■ **COLLECTED DATA**:
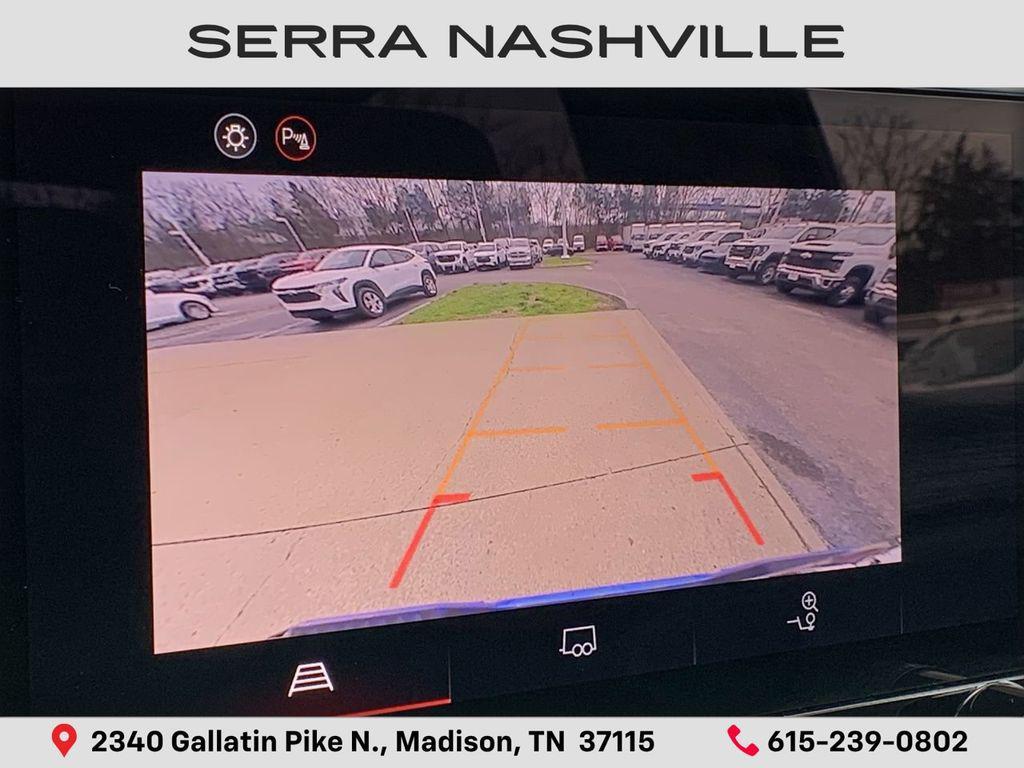 used 2025 GMC Canyon car, priced at $39,736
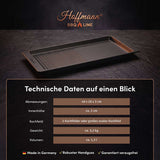 Kombi-Grillplatte | BBQ-Line | PFAS-FREI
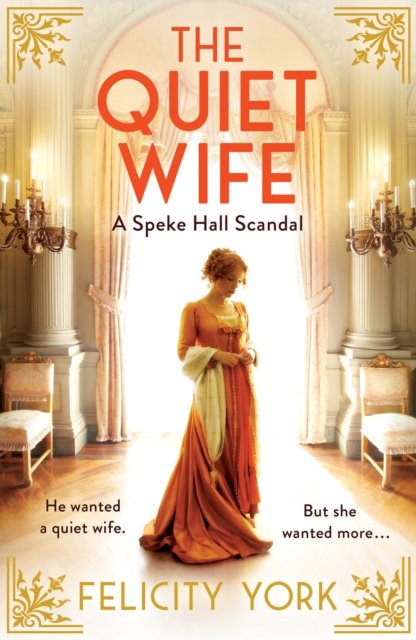 QUIET WIFE_STATELY SCANDAL2 PB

■ **WHAT NEEDS TO BE DONE**:
What is needed is every line from the one with "Kombi-Grillplatte | BBQ-Line | PFAS-FREI" to the final line of the listing above, set down exactly and with the pictures left out.

■ **TASK RESULT**:
 Kombi-Grillplatte | BBQ-Line | PFAS-FREI
 QUIET WIFE_STATELY SCANDAL2 PB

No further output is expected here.